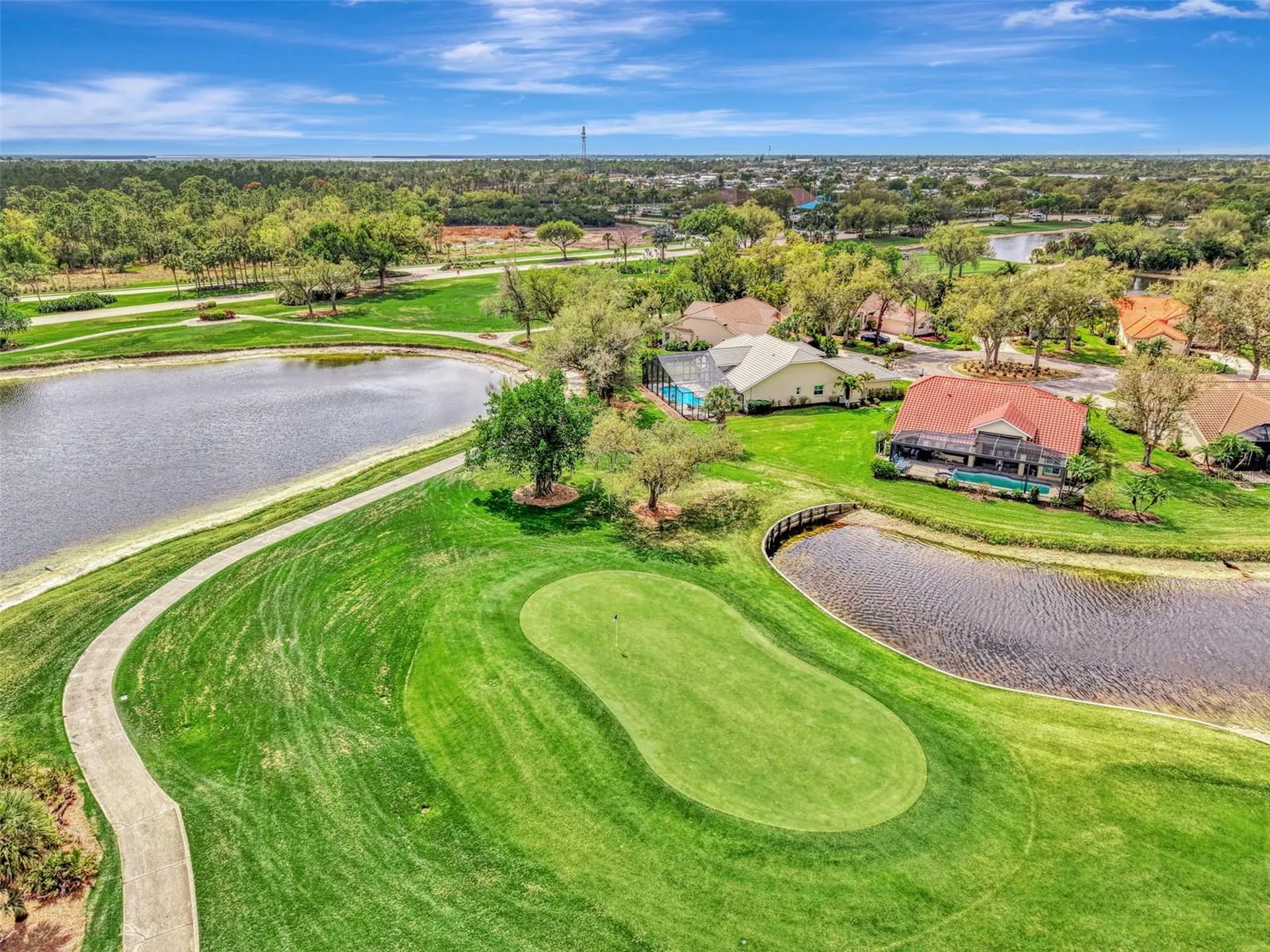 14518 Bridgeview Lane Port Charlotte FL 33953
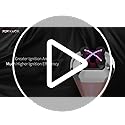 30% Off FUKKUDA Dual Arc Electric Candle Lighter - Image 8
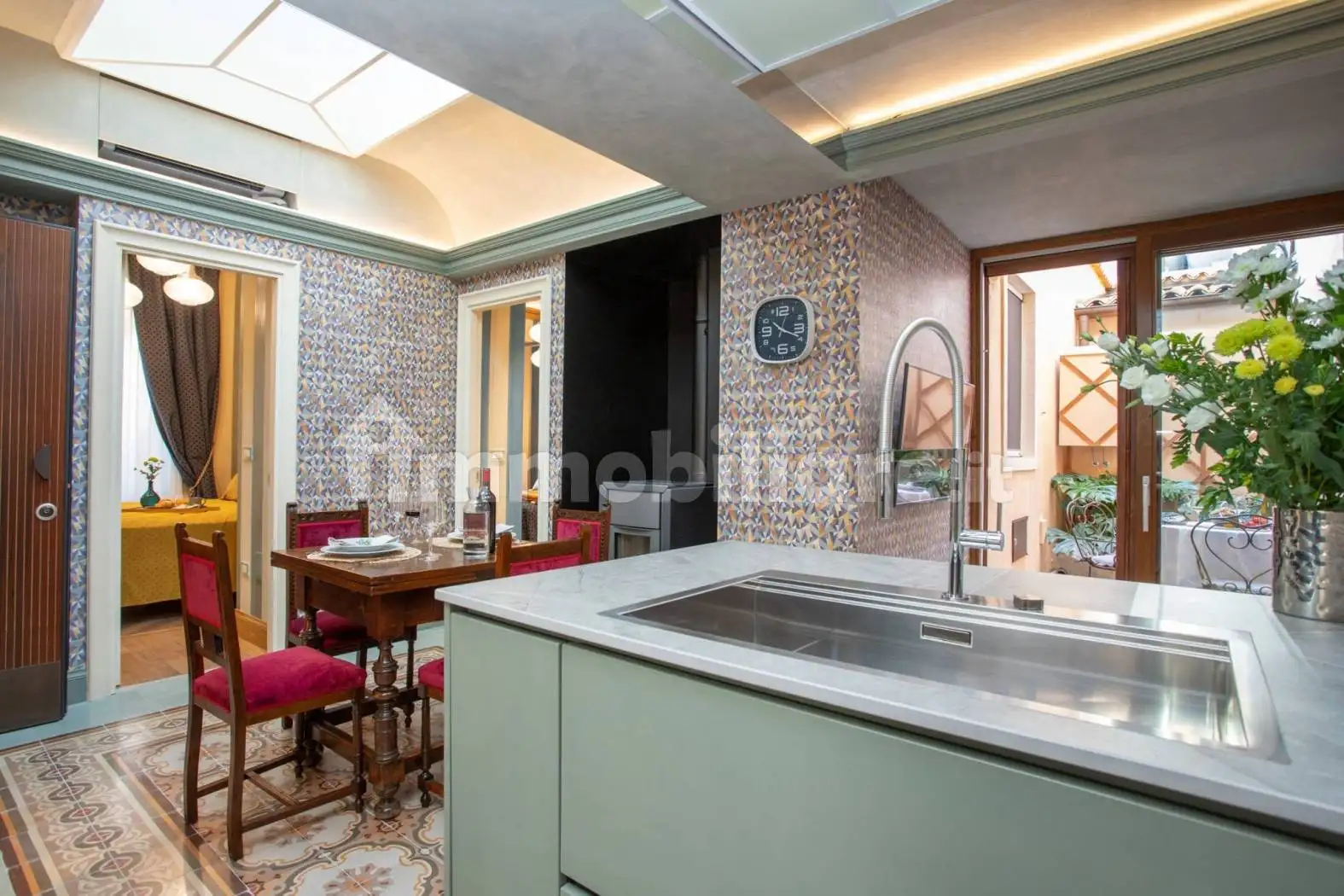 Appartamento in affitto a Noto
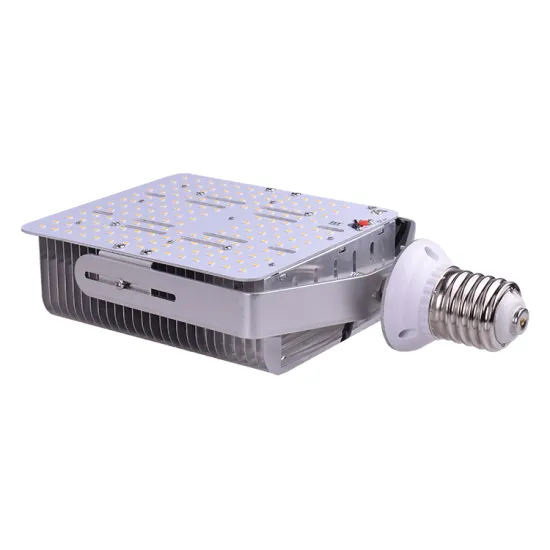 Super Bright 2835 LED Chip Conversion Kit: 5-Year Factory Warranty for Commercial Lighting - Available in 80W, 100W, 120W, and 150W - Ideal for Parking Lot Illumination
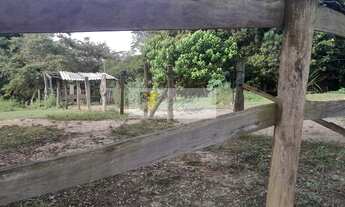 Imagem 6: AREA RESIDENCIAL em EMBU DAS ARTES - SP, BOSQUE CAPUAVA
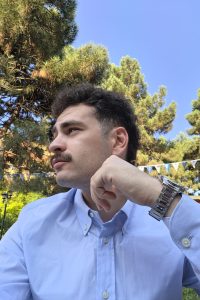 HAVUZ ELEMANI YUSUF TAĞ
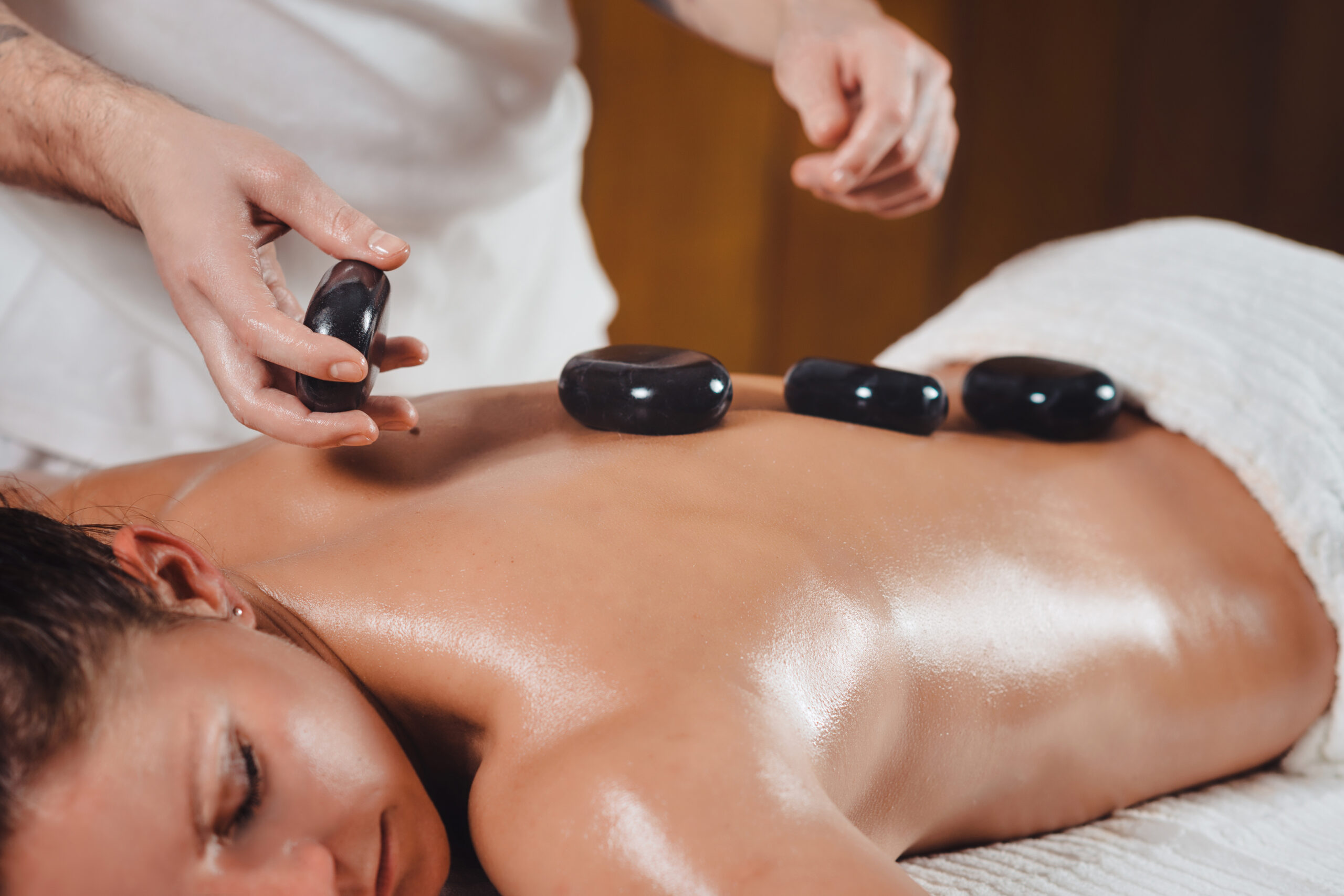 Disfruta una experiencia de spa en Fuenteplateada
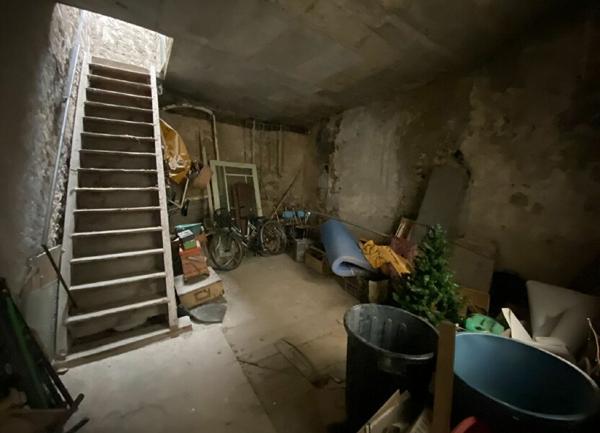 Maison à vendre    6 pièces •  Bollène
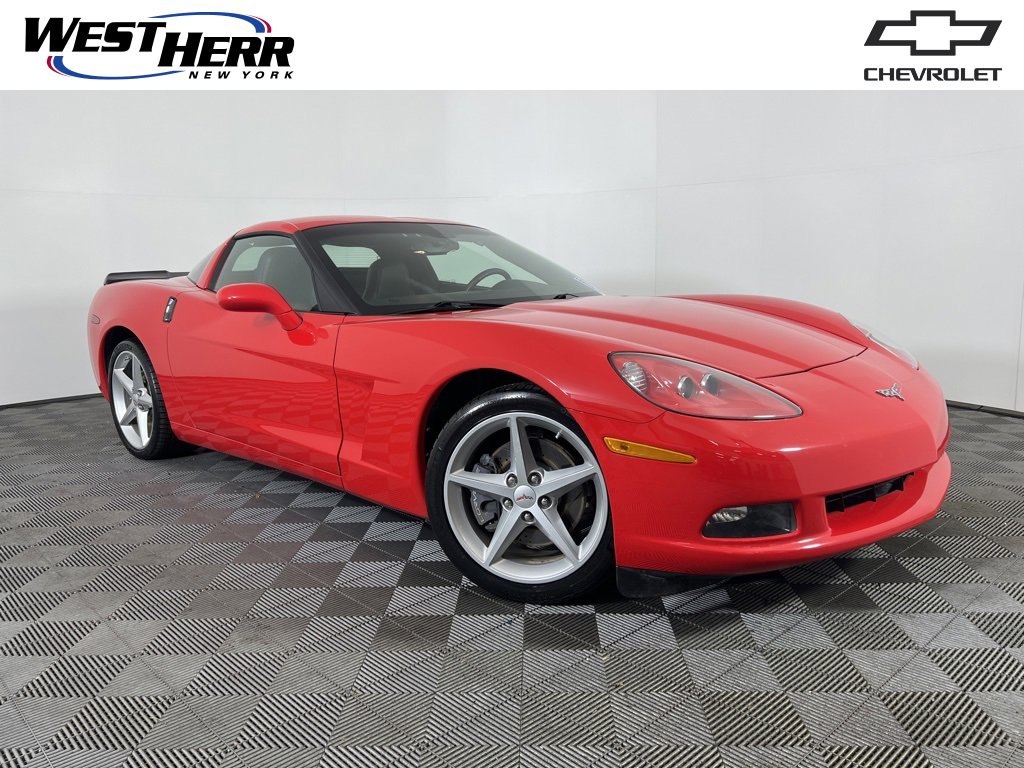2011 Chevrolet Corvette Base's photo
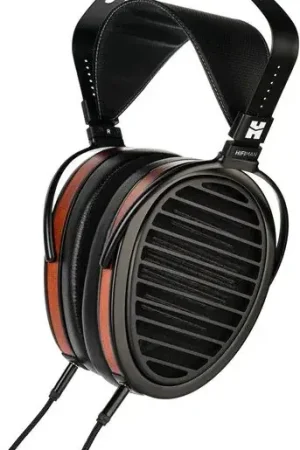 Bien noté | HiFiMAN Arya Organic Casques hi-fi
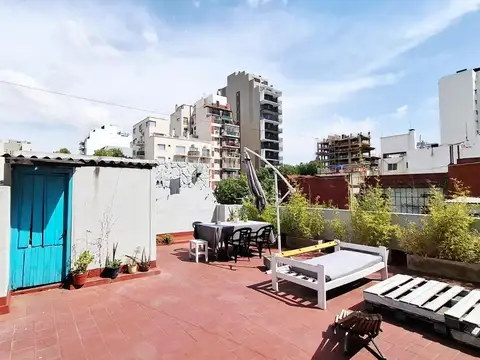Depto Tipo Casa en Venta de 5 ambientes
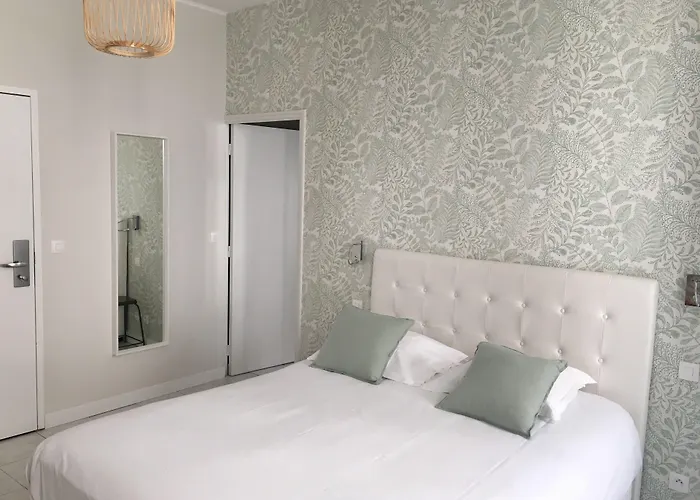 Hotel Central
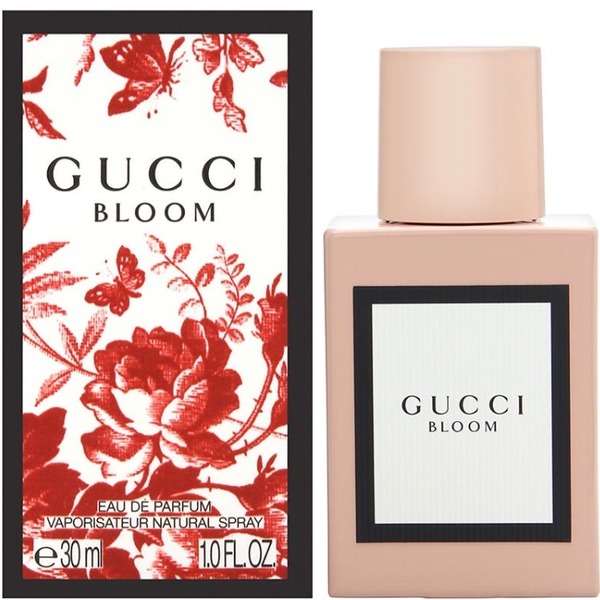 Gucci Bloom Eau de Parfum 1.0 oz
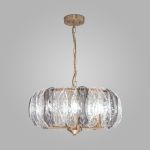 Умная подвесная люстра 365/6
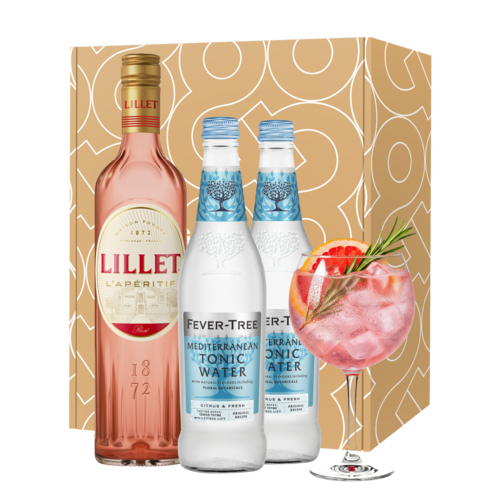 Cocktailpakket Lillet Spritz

▶ [Work to be completed] Where an image appears in the data, skip it, and return the rest verbatim.

▶ [Output for this task]
 14518 Bridgeview Lane Port Charlotte FL 33953
 30% Off FUKKUDA Dual Arc Electric Candle Lighter - Image 8
 Appartamento in affitto a Noto
 Super Bright 2835 LED Chip Conversion Kit: 5-Year Factory Warranty for Commercial Lighting - Available in 80W, 100W, 120W, and 150W - Ideal for Parking Lot Illumination
 Imagem 6: AREA RESIDENCIAL em EMBU DAS ARTES - SP, BOSQUE CAPUAVA
 HAVUZ ELEMANI YUSUF TAĞ
 Disfruta una experiencia de spa en Fuenteplateada
 Maison à vendre    6 pièces •  Bollène
2011 Chevrolet Corvette Base's photo
 Bien noté | HiFiMAN Arya Organic Casques hi-fi
Depto Tipo Casa en Venta de 5 ambientes
 Hotel Central
 Gucci Bloom Eau de Parfum 1.0 oz
 Умная подвесная люстра 365/6
 Cocktailpakket Lillet Spritz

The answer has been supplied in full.